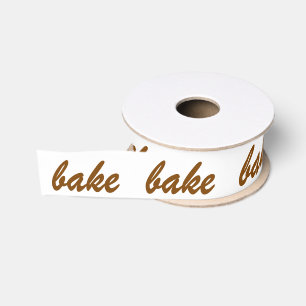 bake bake bake Chocolate Brown White Brush Script Grosgrain Ribbon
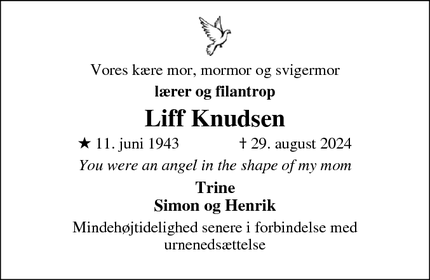 Dødsannoncen for Liff Knudsen - Hillerød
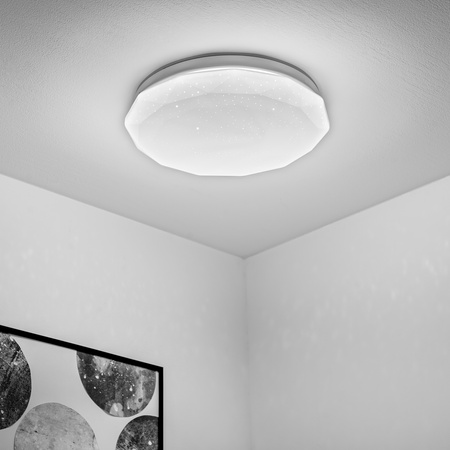 Plafon LED Lampa Sufitowa Natynkowa 18W IP44 Okrągły GLORY 2 Diament 33cm LUMILED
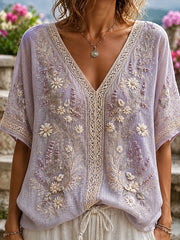 Damen-Top aus Baumwolle-Leinen im Vintage-Stil mit floraler Kunstprint-Optik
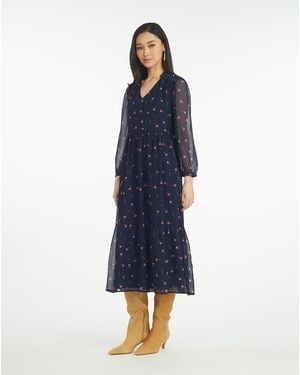 Draper James Katie Midi Dress In Ditsy Autumn Flowers - Blue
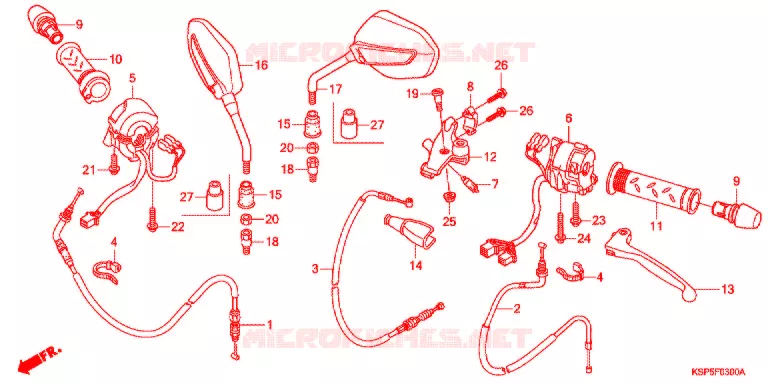 LEVIER DE GUIDON - CABLE - COMMODO Honda MOTO 150 CBF 2013  CBF150MC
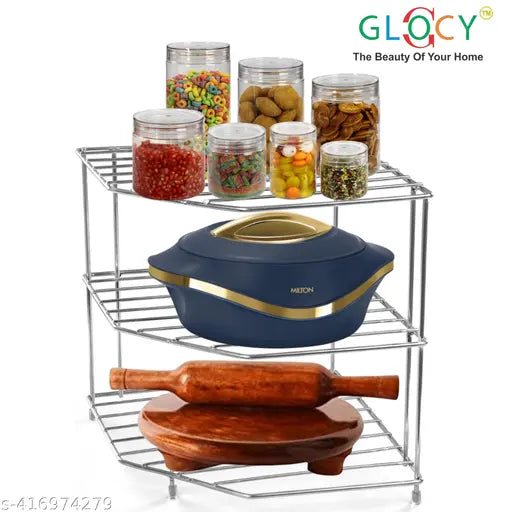 Diamond Corner Shelf, 3-Tier, Silver Metal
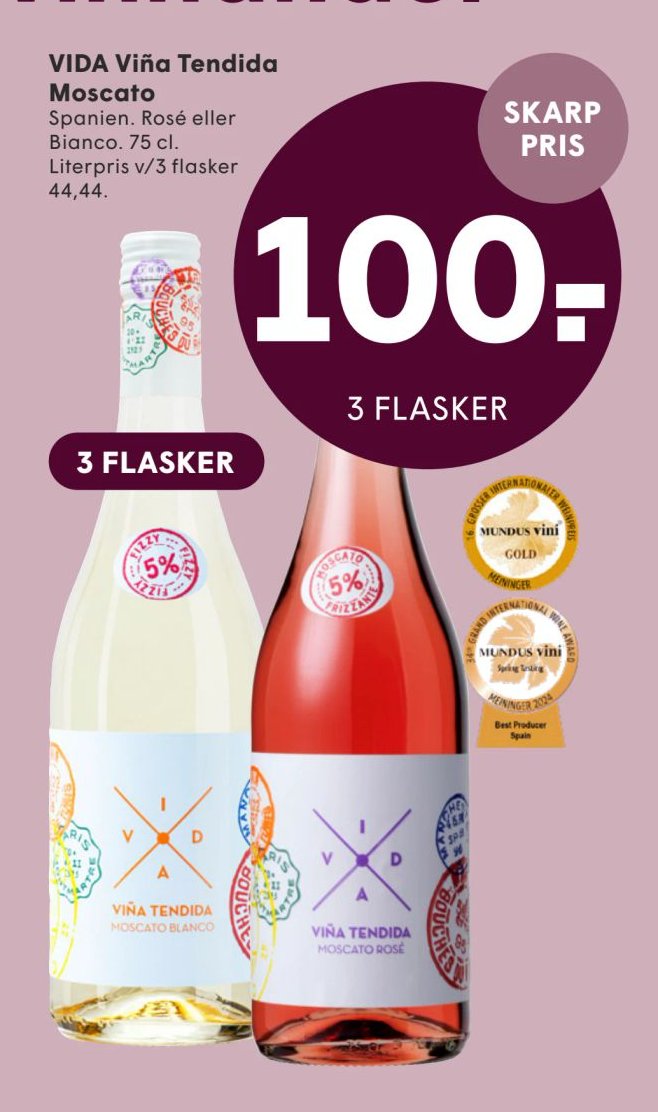 VIDA Viña Tendida Moscato Blanco, Rosé eller Tinto 3 flasker 3 x 75 cl – Spar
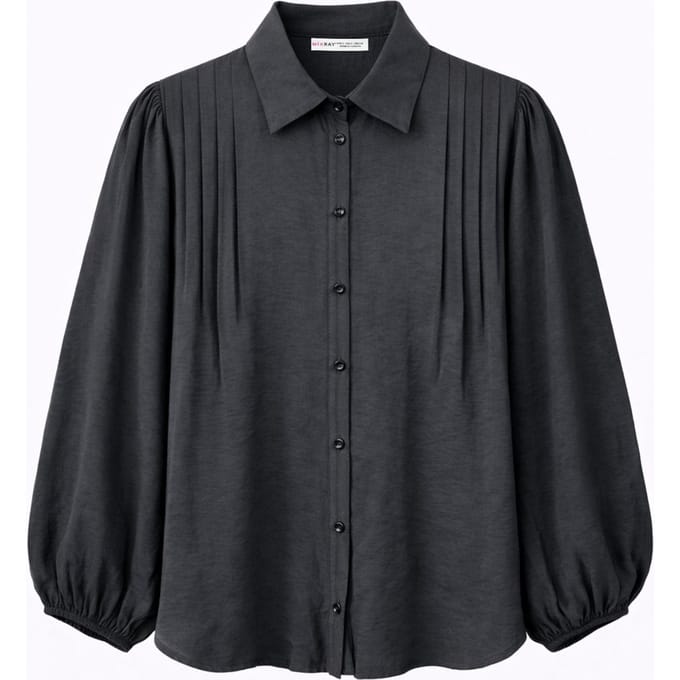 Gelaagde Ribbels Lange Mouwen Knopen Shirt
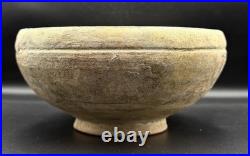 Old Hand Painted Ceramic Bowl Antique Style Green Design 16cm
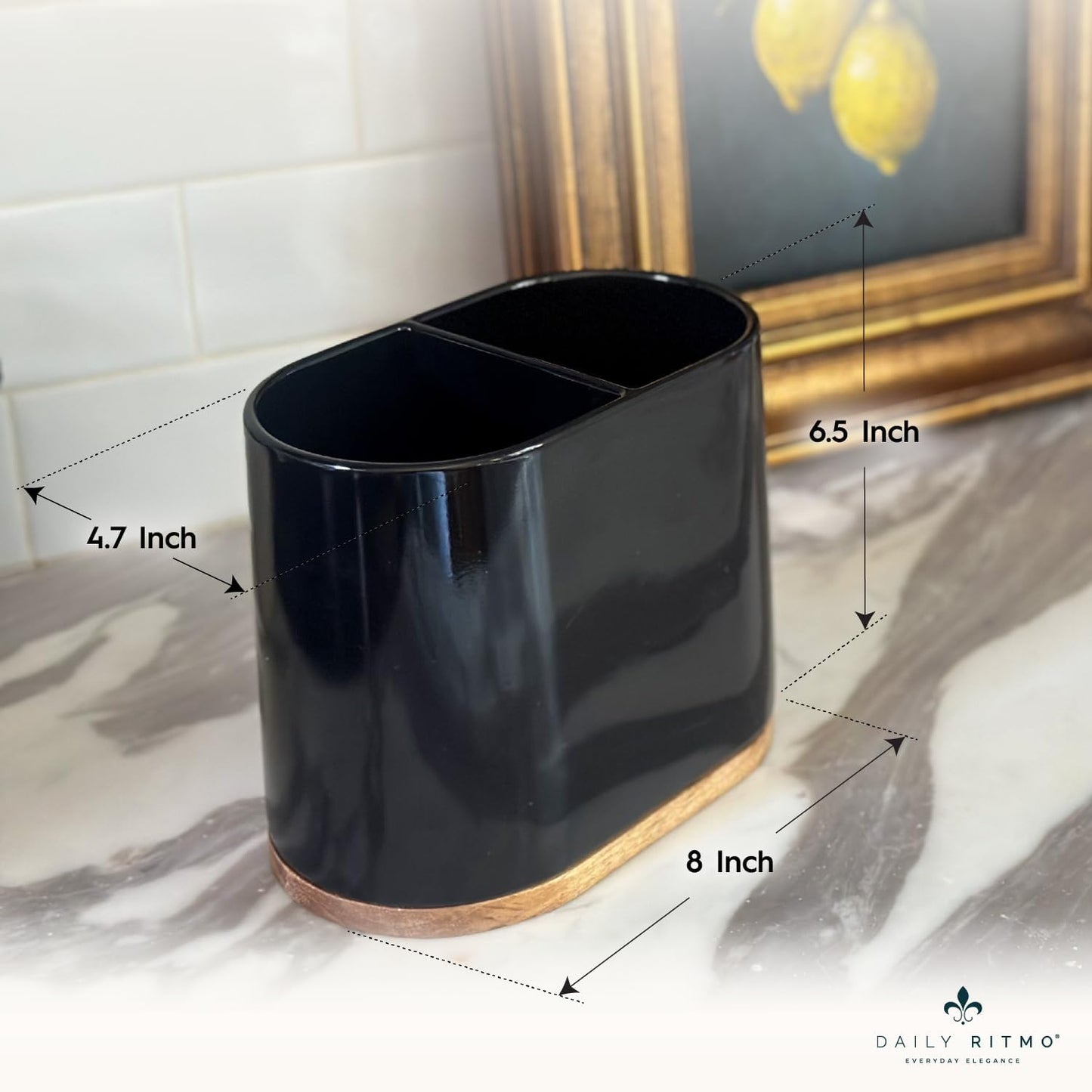 DAILY RITMO® Black Large Oval Utensil Holder with Bamboo Base and Divider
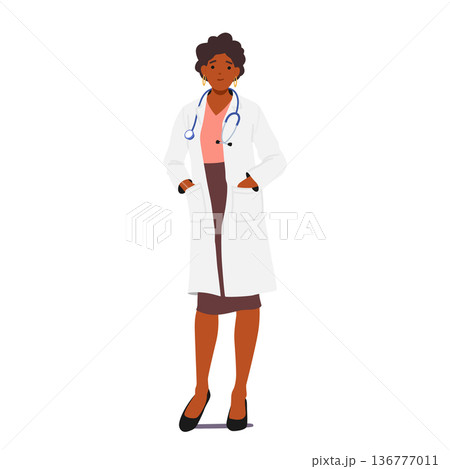 Confident Female Doctor Character With Arms Casually Tucked In Robe Pockets Exuding Professionalism, Vector Illustration Confident Female Doctor Character With Arms Casually Tucked In Robe Pockets Exuding Professionalism, Vector Illustration 136777011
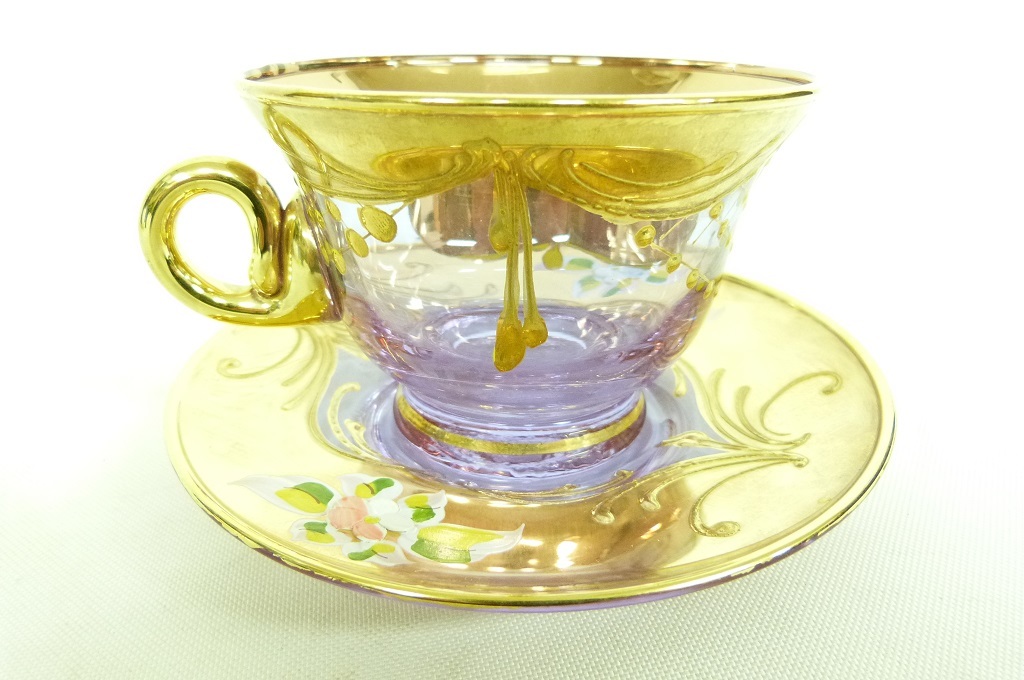 ベニチアンガラスカップ&ソーサー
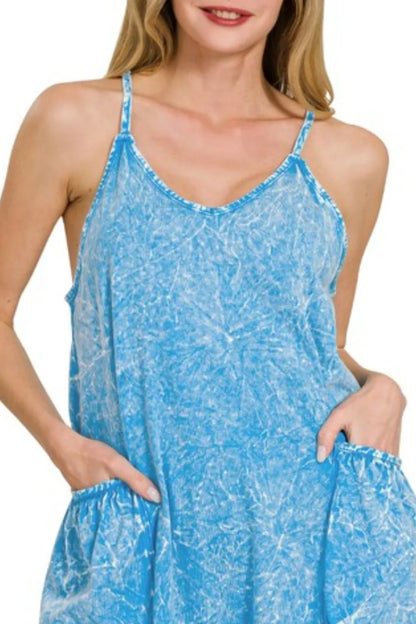 Acid Crinkle Washed Spaghetti Strap Romper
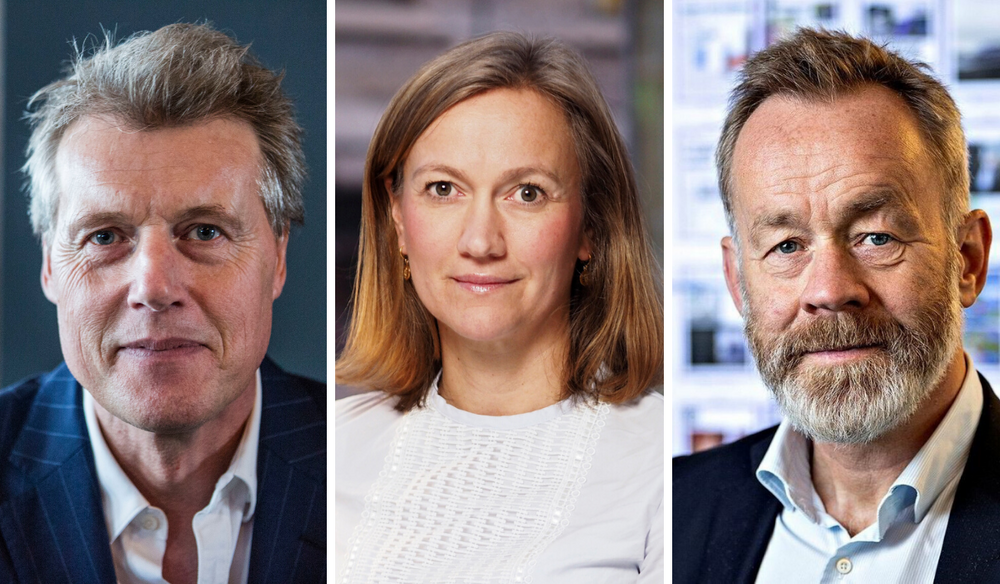 Dag Sørsdahl i Aller-konsernet, Siv Juvik Tveitnes i Schbisted News Media og Amund Djuve i Dagens Næringsliv. Foto: Scanpix/Schibsted/DN
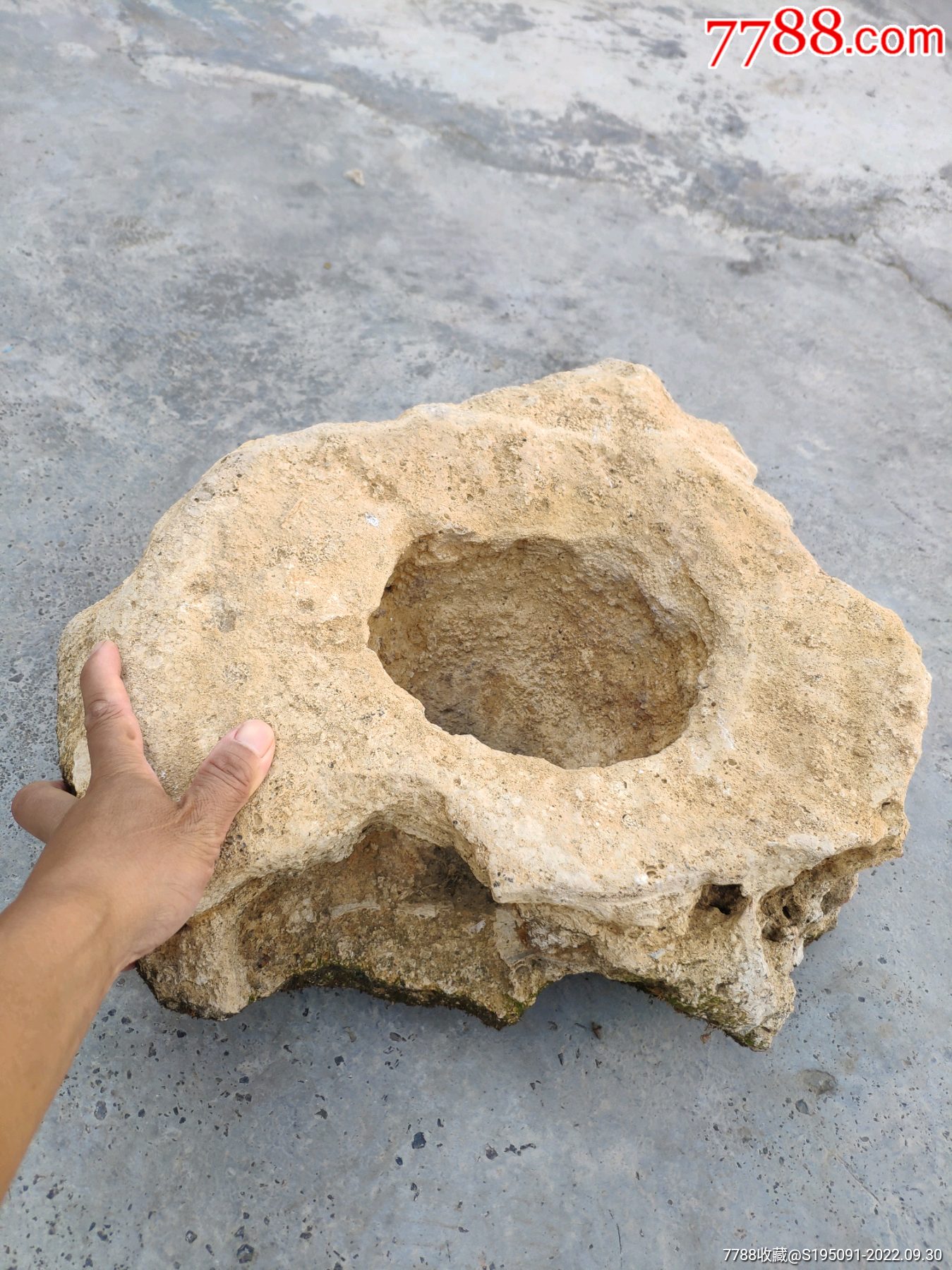 全天然风化青石窝子石盆奇石花盆_石盆/石槽_图片鉴定_收藏价格_7788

======

Task description
Everything above from the line with "Old Hand Painted" through the line with "Vector Illustration 136777011" should be retyped exactly, and nothing else; omit pictures.

Your response
 Old Hand Painted Ceramic Bowl Antique Style Green Design 16cm
 DAILY RITMO® Black Large Oval Utensil Holder with Bamboo Base and Divider
 Confident Female Doctor Character With Arms Casually Tucked In Robe Pockets Exuding Professionalism, Vector Illustration Confident Female Doctor Character With Arms Casually Tucked In Robe Pockets Exuding Professionalism, Vector Illustration 136777011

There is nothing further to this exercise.